You are viewing a plain text version of this content. The canonical link for it is here.
Posted to commits@hbase.apache.org by st...@apache.org on 2011/03/22 20:36:21 UTC
svn commit: r1084316 - in /hbase/branches/0.90: CHANGES.txt
src/main/java/org/apache/hadoop/hbase/master/AssignmentManager.java
Author: stack
Date: Tue Mar 22 19:36:21 2011
New Revision: 1084316
URL: http://svn.apache.org/viewvc?rev=1084316&view=rev
Log:
HBASE-3687 Bulk assign on startup should handle a ServerNotRunningException
Modified:
hbase/branches/0.90/CHANGES.txt
hbase/branches/0.90/src/main/java/org/apache/hadoop/hbase/master/AssignmentManager.java
Modified: hbase/branches/0.90/CHANGES.txt
URL: http://svn.apache.org/viewvc/hbase/branches/0.90/CHANGES.txt?rev=1084316&r1=1084315&r2=1084316&view=diff
==============================================================================
--- hbase/branches/0.90/CHANGES.txt (original)
+++ hbase/branches/0.90/CHANGES.txt Tue Mar 22 19:36:21 2011
@@ -47,6 +47,7 @@ Release 0.90.2 - Unreleased
HBASE-3621 The timeout handler in AssignmentManager does an RPC while
holding lock on RIT; a big no-no (Ted Yu via Stack)
HBASE-3575 Update rename table script
+ HBASE-3687 Bulk assign on startup should handle a ServerNotRunningException
IMPROVEMENTS
HBASE-3542 MultiGet methods in Thrift
Modified: hbase/branches/0.90/src/main/java/org/apache/hadoop/hbase/master/AssignmentManager.java
URL: http://svn.apache.org/viewvc/hbase/branches/0.90/src/main/java/org/apache/hadoop/hbase/master/AssignmentManager.java?rev=1084316&r1=1084315&r2=1084316&view=diff
==============================================================================
--- hbase/branches/0.90/src/main/java/org/apache/hadoop/hbase/master/AssignmentManager.java (original)
+++ hbase/branches/0.90/src/main/java/org/apache/hadoop/hbase/master/AssignmentManager.java Tue Mar 22 19:36:21 2011
@@ -773,9 +773,27 @@ public class AssignmentManager extends Z
// Move on to open regions.
try {
// Send OPEN RPC. This can fail if the server on other end is is not up.
- this.serverManager.sendRegionOpen(destination, regions);
+ // If we fail, fail the startup by aborting the server.

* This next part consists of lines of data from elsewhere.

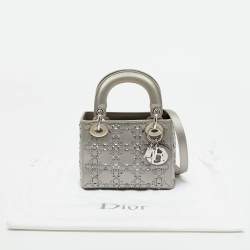 Pre Owned Dior Grey Cannage Satin Mini Crystal Lady Dior Tote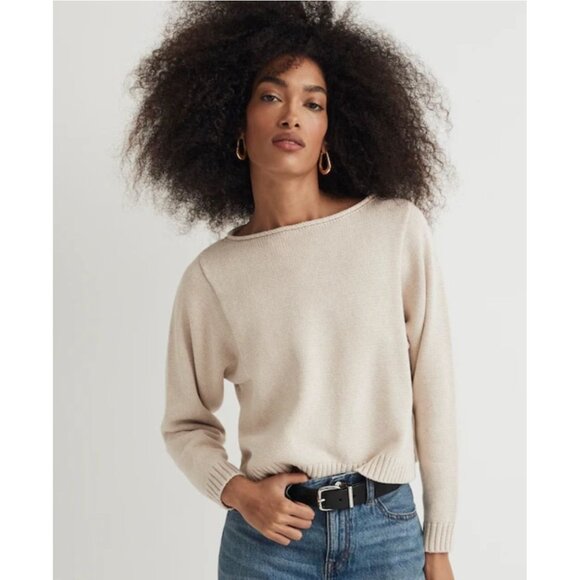 Madewell Womens Beige Roll neck Sweater size Medium Relaxed Minimalist Neutral - Picture 1 of 10
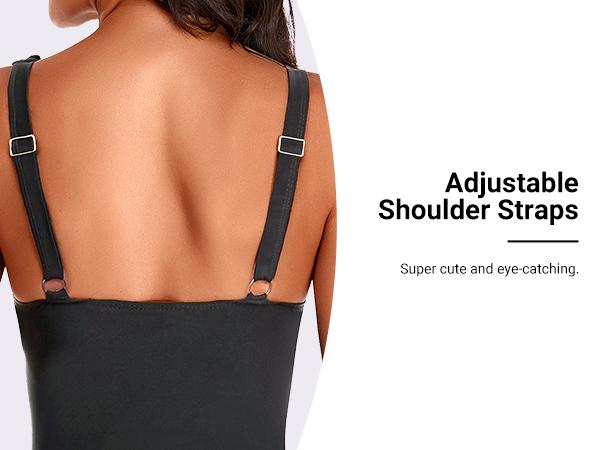 Holipick Women's Ruffle One Piece Swimsuits Tummy Control Bathing Suit V Neck Swimwear Slimming for Teen Girls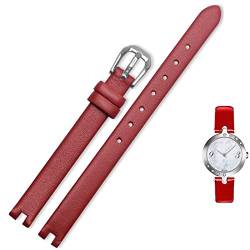 ZUC Rindsleder-Uhrenarmband ist geeignet für Tissot Notched Strap 1853 Flamenco Serie T003/209 Damen-Uhrenkette 8 10 12 mm Schwarz(B,8mm) von ZUC
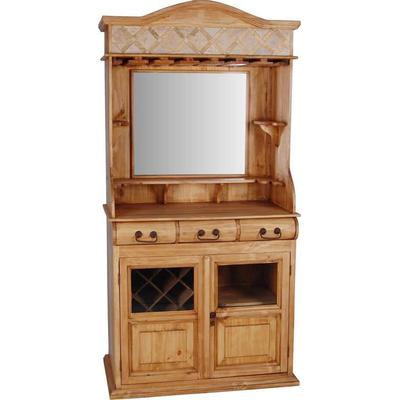 MiaMöbel Mexico Barschrank mit Spiegel und Marmor Massivholz Pinie Landhaus Mexiko Möbel Mexikanisch Image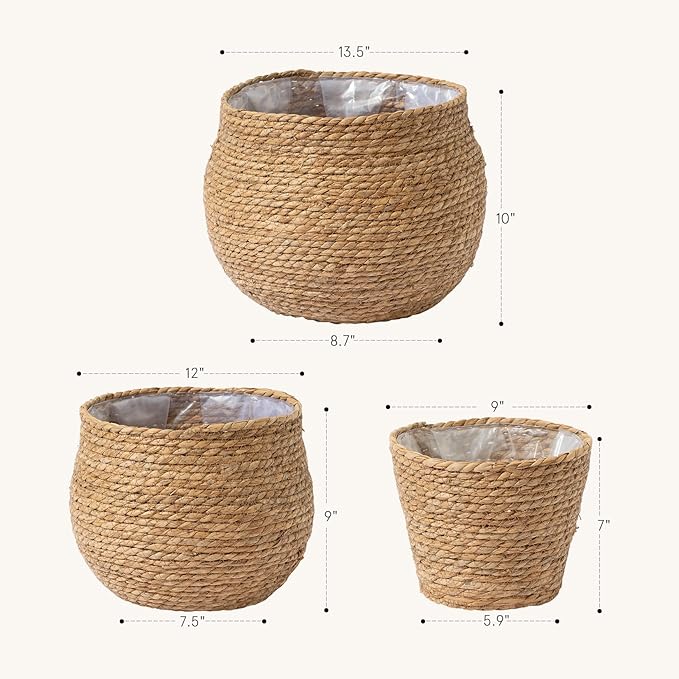 LA JOLIE MUSE Natural Seagrass Large Planter, Plant Pots Cover, Indoor Planters Flower Pots, 13.5+12+9 inch Pack 3, Brown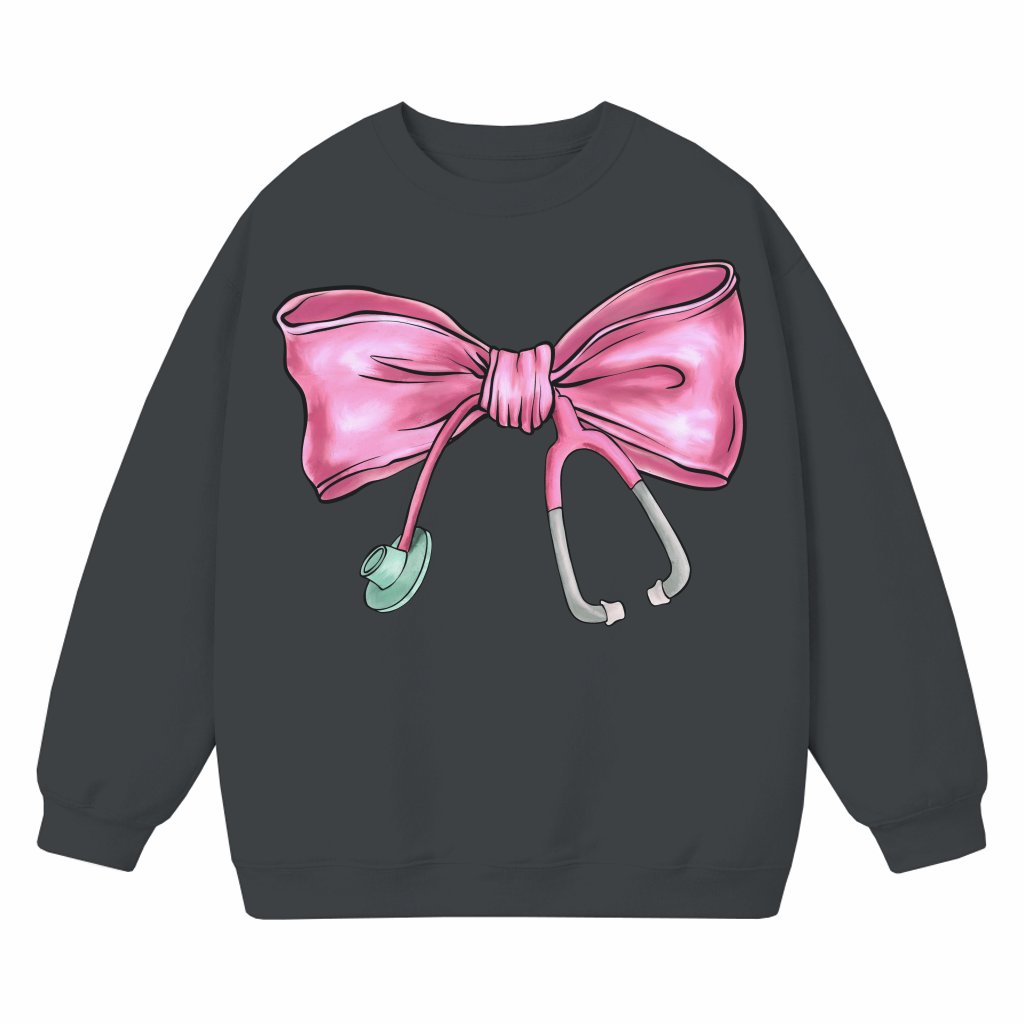 Nurse Stethoscope Bow Sweatshirt – Gift for Nursing Students - front view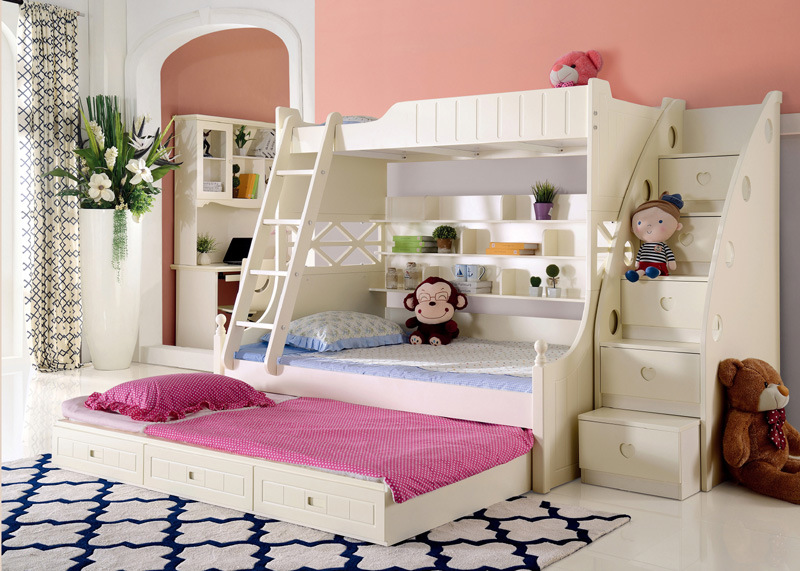 Korean Style Solid Wood Bunk Bed for Children Bedroom Furniture (9001)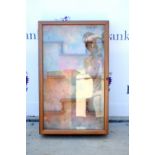 Early 20th century inlaid mahogany display cabinet with bevelled glass, 76 x 47cm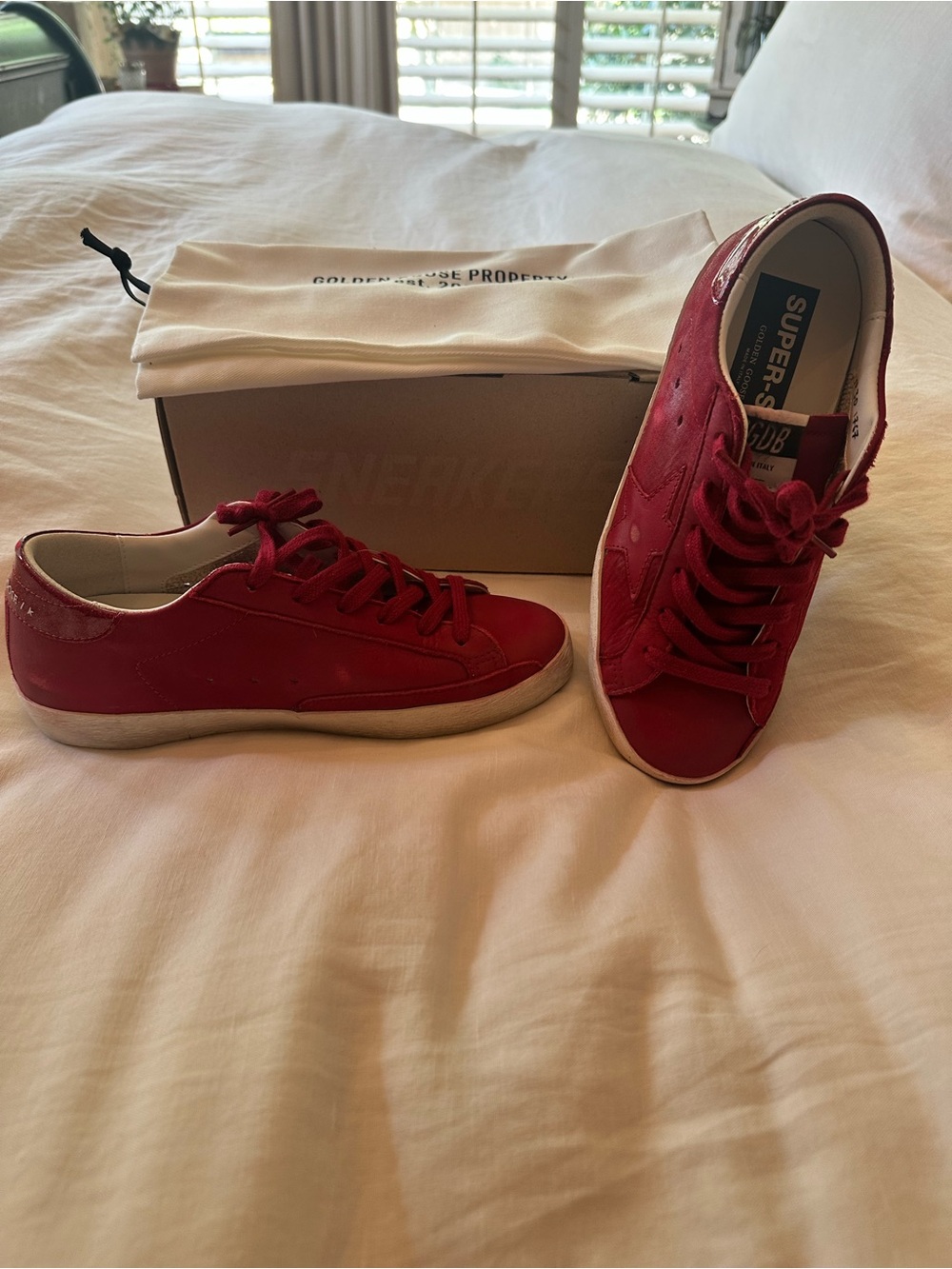Golden Goose Women's Red Leather Super- Star Sneakers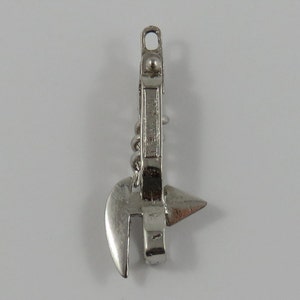 Bottle Opener & Corkscrew Mechanical Sterling Silver Vintage Charm For Bracelet image 2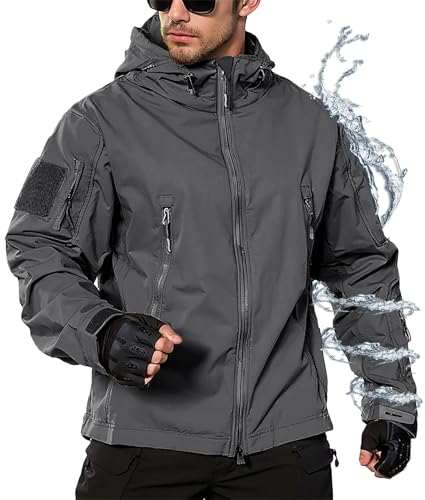 Men's Hooded Softshell Jacket,Waterproof Windbreaker,Insulated,Fall Winter,Fleece Lined,Snow Rain Jackets 6 Zip-Pocket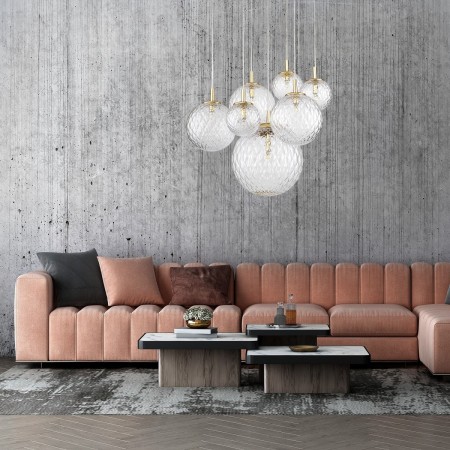 Lampa wisząca TK-Lighting CADIX TKL4608  Lampa sufitowa kolor - złoty - transparentny styl Nowoczesny  Glamour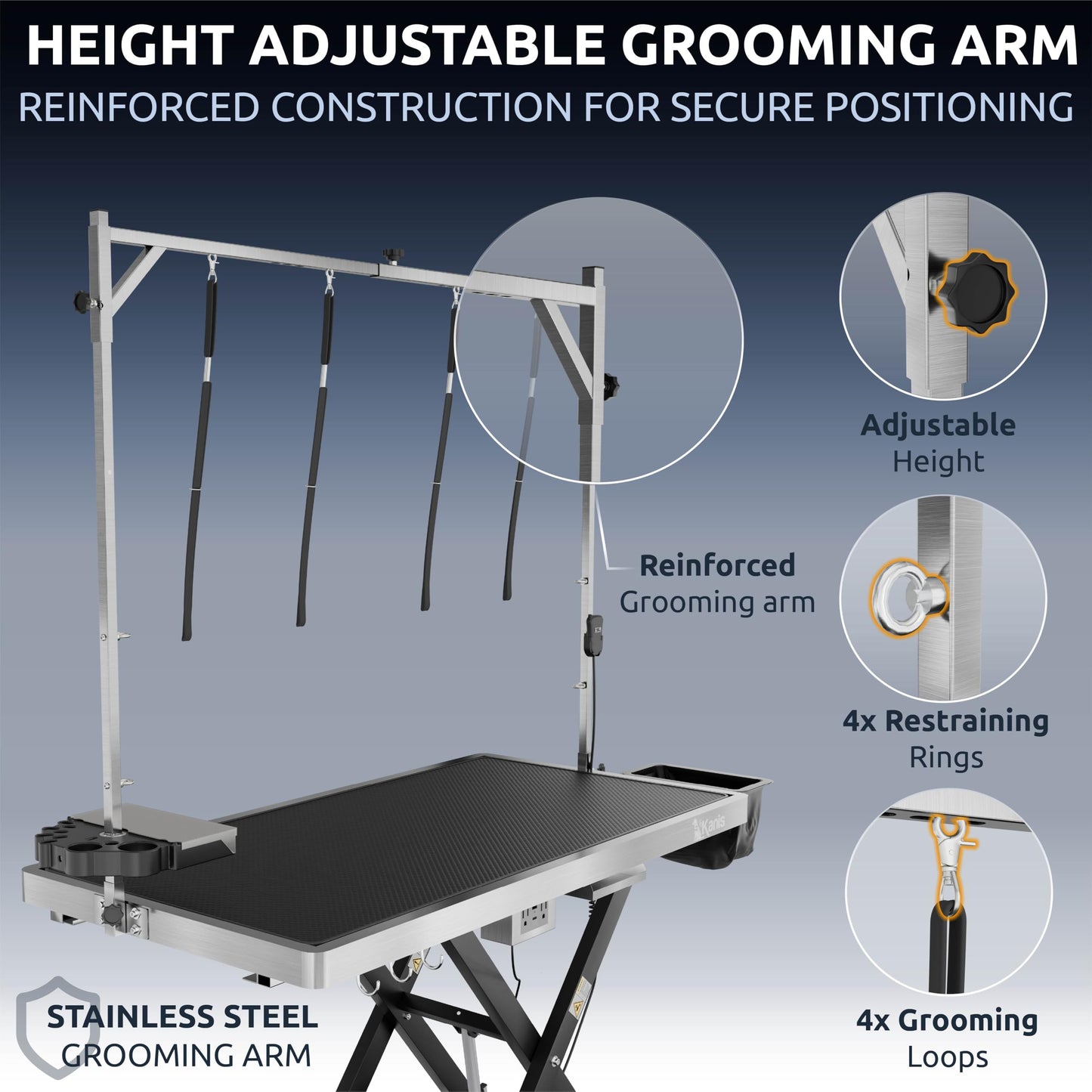 KANIS Professional Electric Dog Grooming Table - Heavy Duty, Height Adjustable Pet Grooming Table w/Leveling Wheels, Grooming Arm, Anti Slip Tabletop & Tool Organizer/Dog Grooming Station (49", BLACK)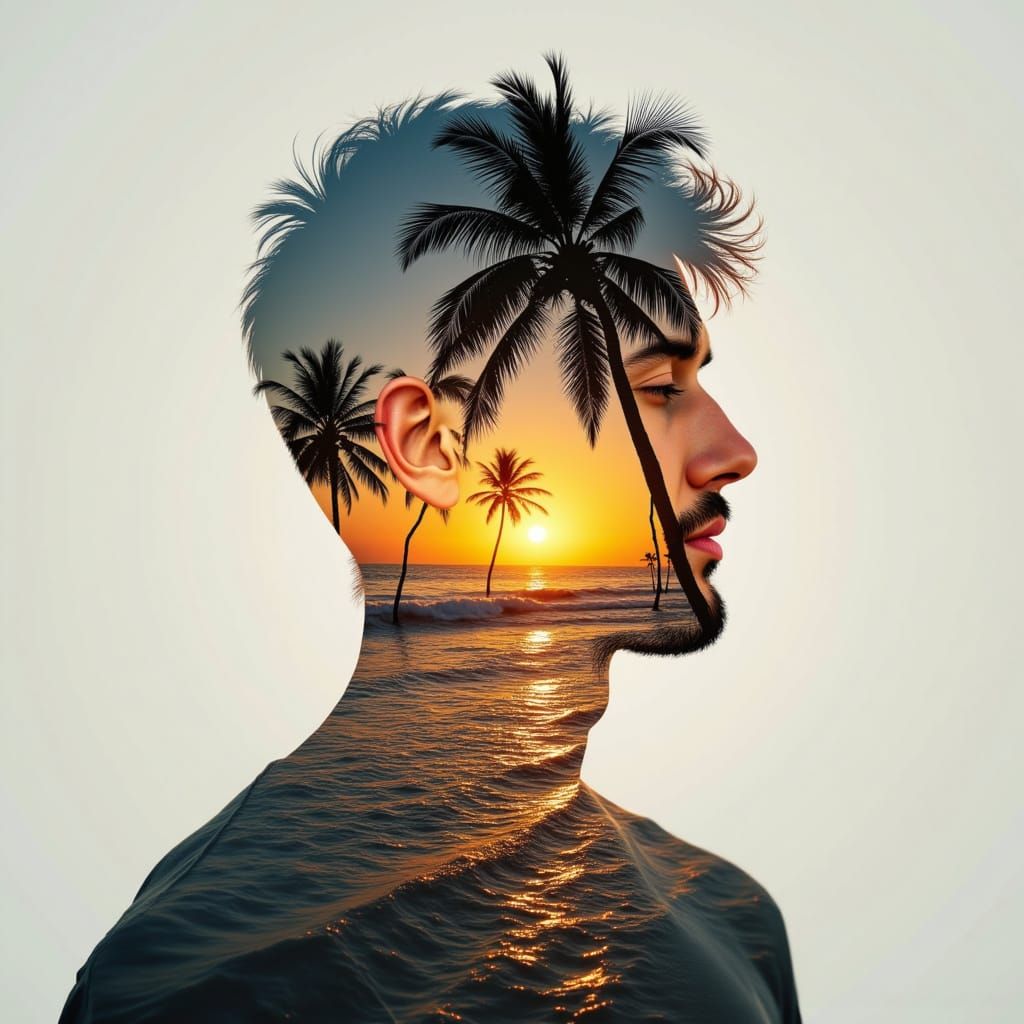 Double Exposure Tropical Beach Scene in Digital Art Style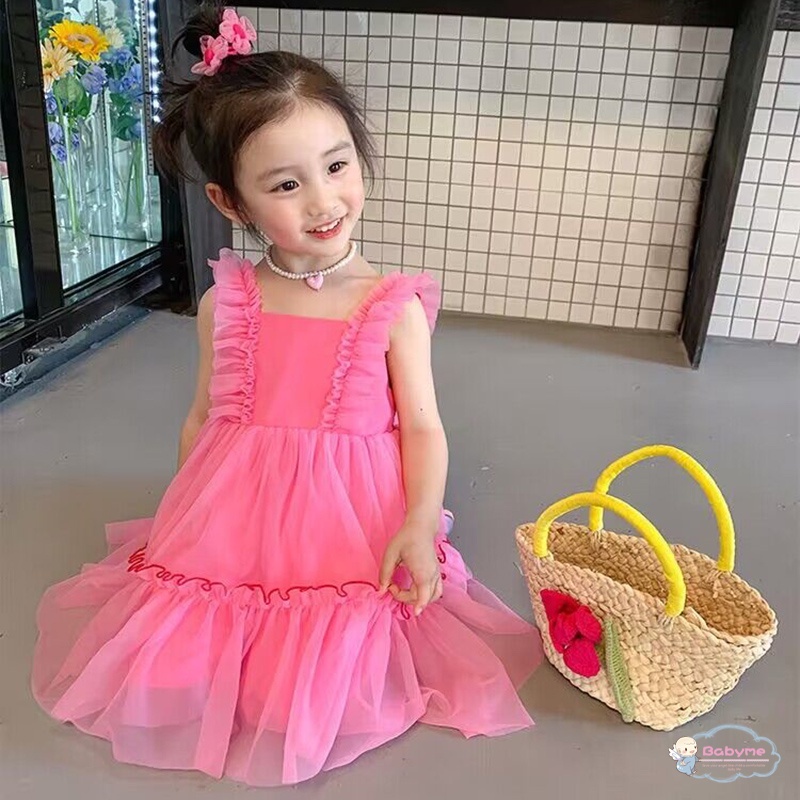 Đầm Công Chúa Bằng Vải Tuyn Màu Phấn Dễ Thương Thoải Mái Xinh Xắn Cho Bé Gái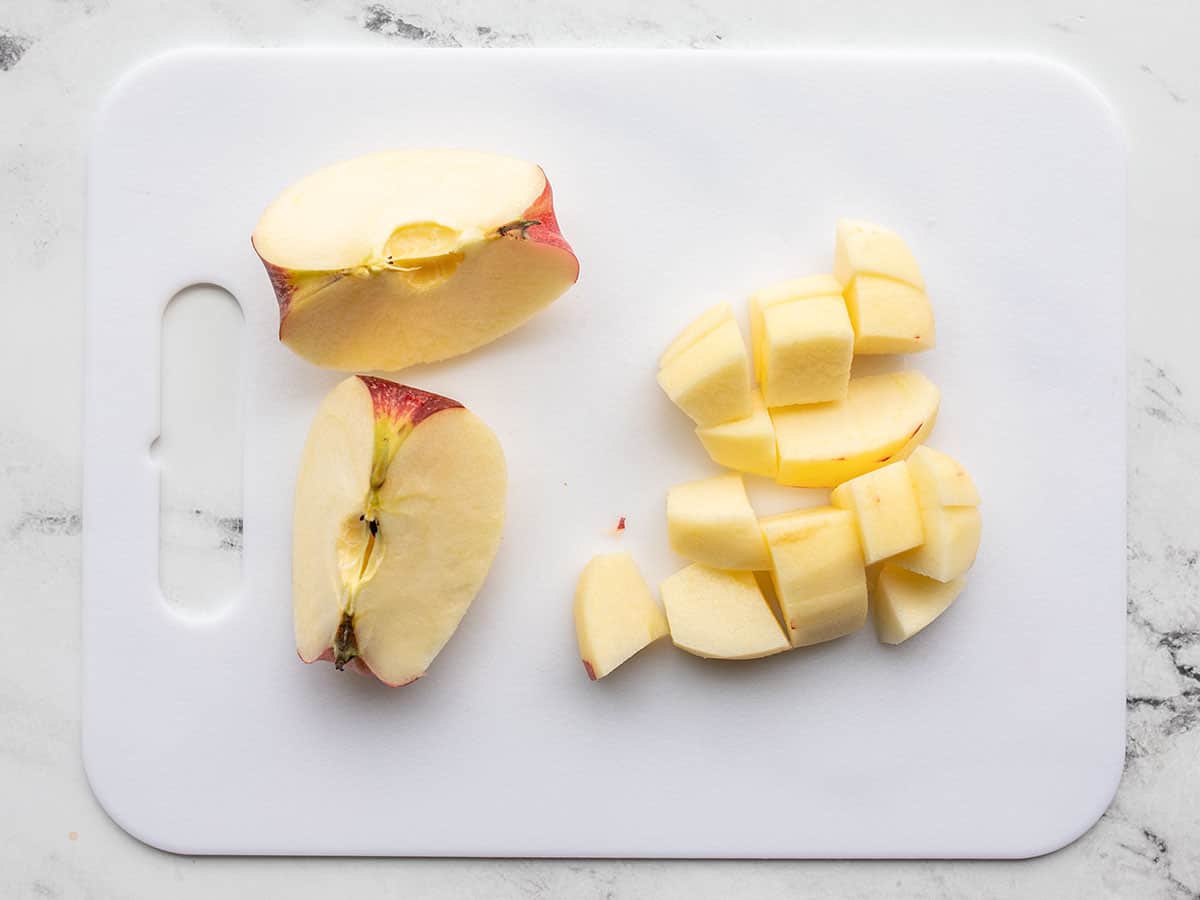 Chopped Apple on a cutting board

There is one
+ // exception we will tolerate: ServerNotRunningException. This is thrown
+ // between report of regionserver being up and
+ long maxWaitTime = System.currentTimeMillis() +
+ this.master.getConfiguration().getLong("hbase.regionserver.rpc.startup.waittime", 60000);
+ while (!this.master.isStopped()) {
+ try {
+ this.serverManager.sendRegionOpen(destination, regions);
+ } catch (org.apache.hadoop.hbase.ipc.ServerNotRunningException e) {
+ // This is the one exception to retry. For all else we should just fail
+ // the startup.
+ long now = System.currentTimeMillis();
+ if (now > maxWaitTime) throw e;
+ LOG.debug("Server is not yet up; waiting up to " +
+ (maxWaitTime - now) + "ms", e);
+ Thread.sleep(1000);
+ }
+ }
} catch (Throwable t) {
- this.master.abort("Failed assignment of regions to " + destination, t);
+ this.master.abort("Failed assignment of regions to " + destination +
+ "; bulk assign FAILED", t);
return;
}
LOG.debug("Bulk assigning done for " + destination.getServerName());